Maître Bertrand Salquain a entamé une procédure en justice pour faire condamner l’État à verser plus de 2,3 millions d’euros à la famille de Gilbert Bréant, au titre des préjudices subis par la mort du pilote. «C’est une affaire méandreuse, un véritable secret d’État», indique le juriste, dans un livre au sujet de l’affaire paru à l’automne 2024 (Mon mari a disparu. 50 ans de combat pour briser le silence, Max Milo). Cosigné avec Maryvonne Bréant, l’ouvrage défend l’hypothèse d’une mission d’espionnage réalisée pour le compte de la France, par le truchement d’une société écran, et dont l’épilogue dramatique, au large de Port Saïd, aurait été étouffé par les autorités.

Insuffisance de preuves

Plusieurs zones d’ombre laisseraient en effet planer le doute sur l’hypothèse d’une panne mécanique et sur la nature réelle de la mission sur laquelle avait été engagé Gilbert Bréant, en détachement de l’armée. L’avocat et la veuve du pilote égrènent les éléments troublants du dossier, tels la complicité de la hiérarchie militaire pour le détachement saugrenu du pilote, le parcours curieux de l’aéronef, des rapports contradictoires sur les circonstances de sa disparition, une mystérieuse rencontre du pilote avec George Pompidou en amont de la mission, et même jusqu’à des morts suspectes. Un témoignage de l’ambassade de France à Chypre mentionnerait notamment que l’avion aurait été «abattu par l’armée égyptienne».

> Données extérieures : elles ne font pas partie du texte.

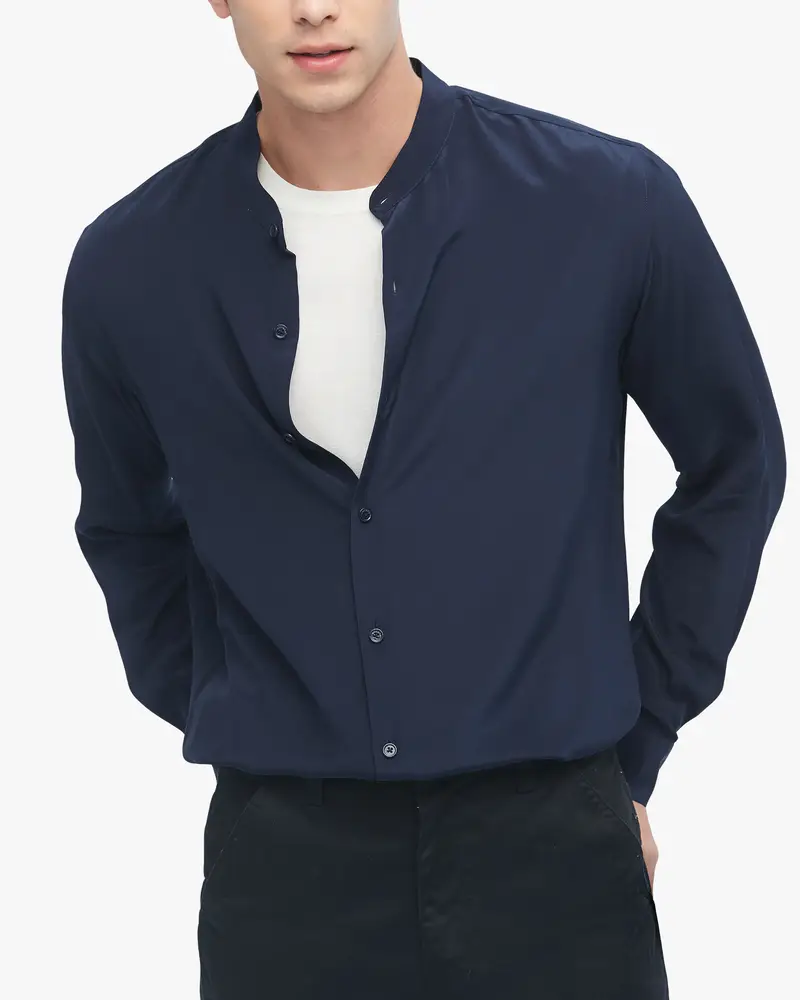 Camicia In Seta Uomo Blu-Marino Collo Alto, Taglio Regolare 100% Seta Naturale Confortevole E Amichevole Per Le Persone Allergiche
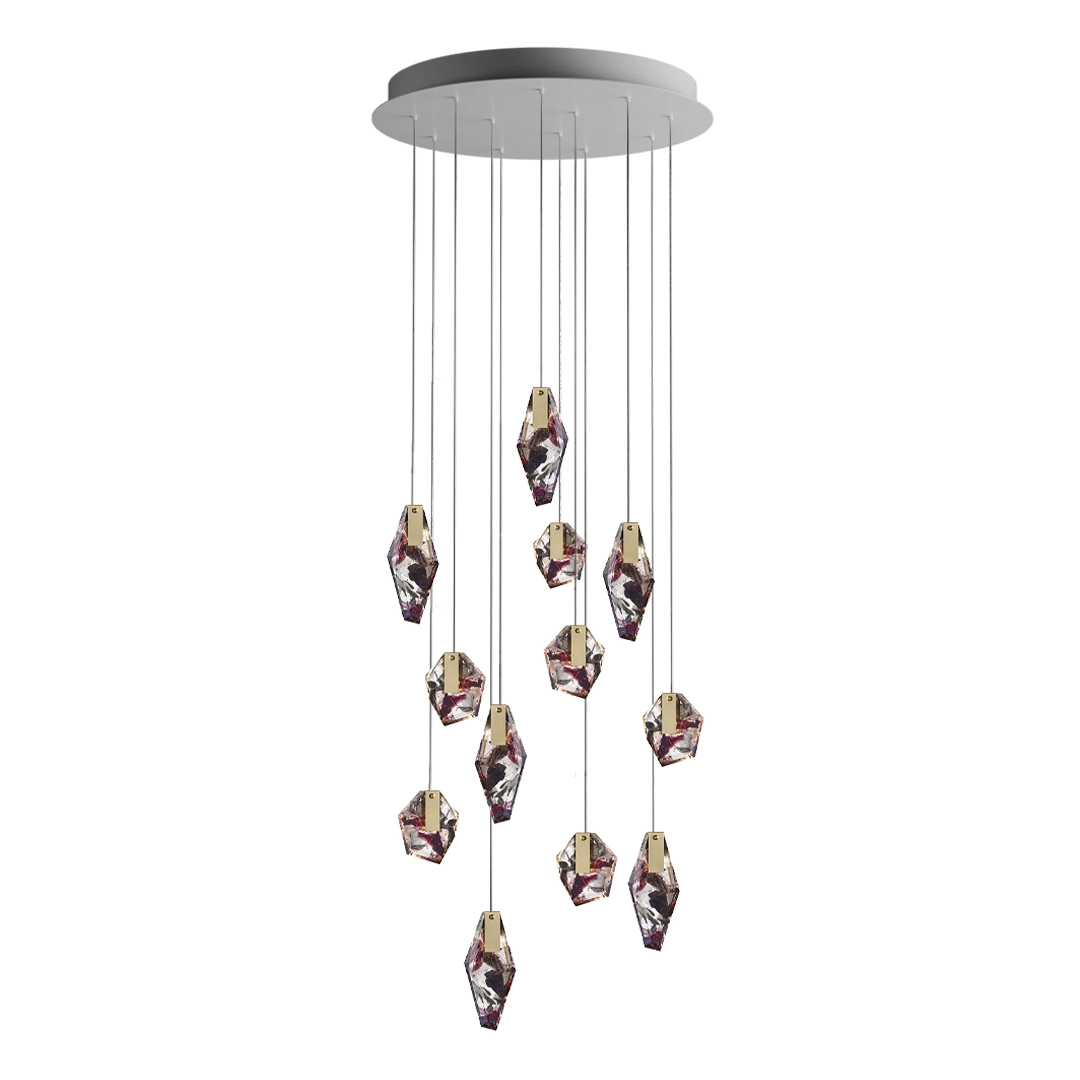 Modern chandelier with hanging crystal pendants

Pour Bertrand Salquain, partisan de la thèse d’une opération clandestine, la piste d’un mitraillage de l’aéronef de Gilbert Bréant par l’aviation israélienne serait également envisageable, la région du Sinaï occupé étant alors une poudrière, dans les années qui séparent la guerre des Six Jours (1967) de la guerre du Kippour (1973).

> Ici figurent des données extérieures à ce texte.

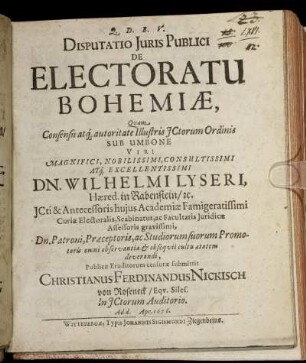 Disputatio Iuris Publici De Electoratu Bohemiae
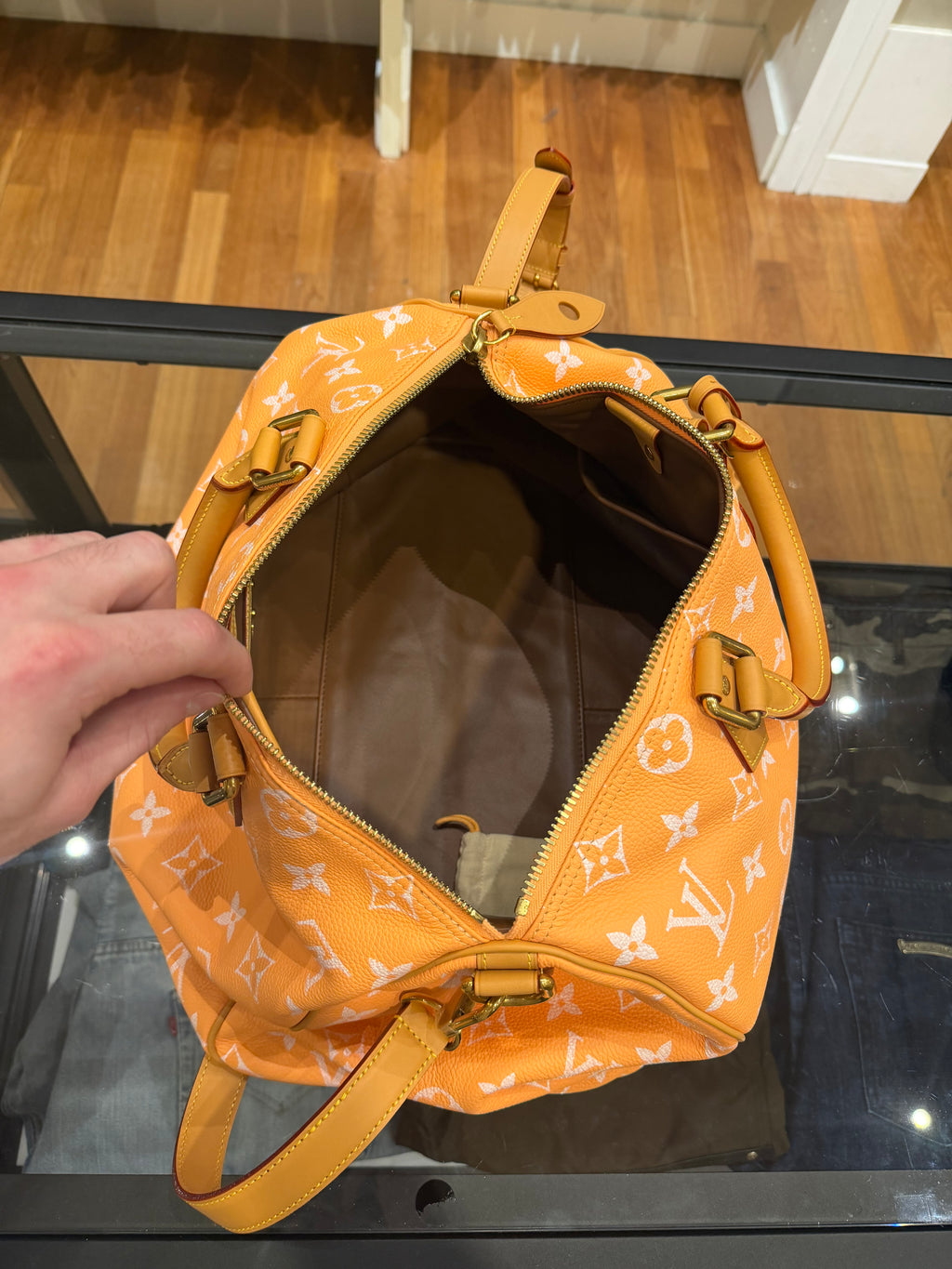 Louis Vuitton P9 Speedy 40 Peach Duffle Bag
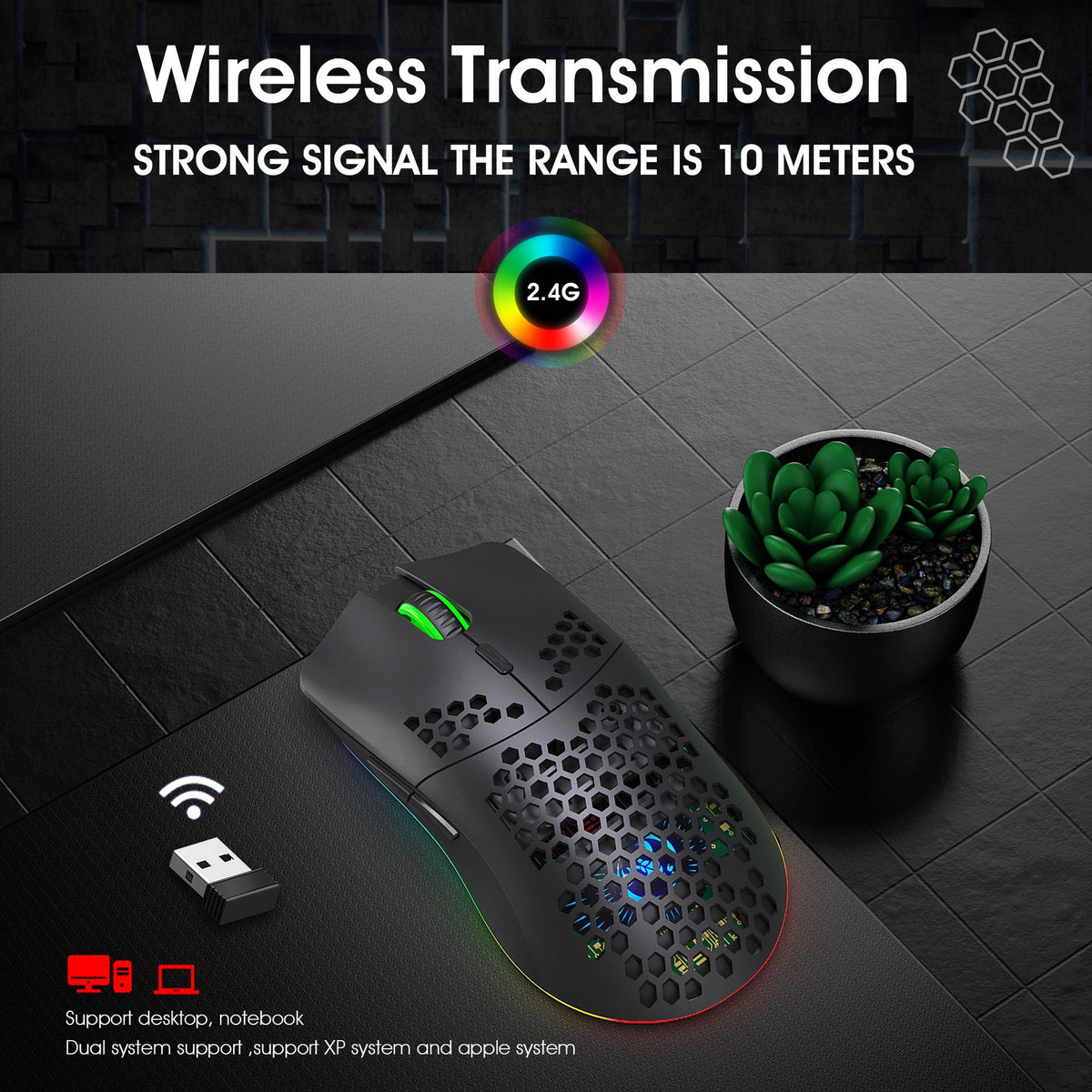 Lightweight RGB Wireless Mouse with Honeycomb Shell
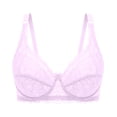 thumbnail image 5 of Sentmoon Bras for Women Plus Size Bras for Women No Underwires Lace Lift Wide Strap Thin Style Breathable Solid Color Support Bras Soft and Comfortable for Date Pink 90C, 5 of 5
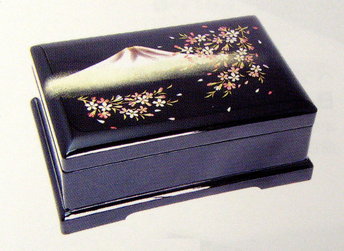 (人気 !) 東北支援-会津漆器宝石箱オルゴール.黒(B-700A・C・E)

Renvoyée au tribunal de Nantes, l’affaire a été examinée le 11 mars. Au cours de l’audience, le rapporteur public a relevé les contradictions du ministère des Armées, mais a également pointé du doigt l’insuffisance de preuves démontrant que Gilbert Bréant avait bien été missionné par l’État, sous le statut de «collaborateur occasionnel du service public». Une carence reprise par le jugement du tribunal administratif, qui a observé le manque «d’éléments probants au soutien de leurs allégations». «Il en faut plus pour décourager Madame Bréant et ses enfants dans leur quête de vérité», a réagi Me Bertrand Salquain, en annonçant faire appel de la décision d’ici les prochaines semaines.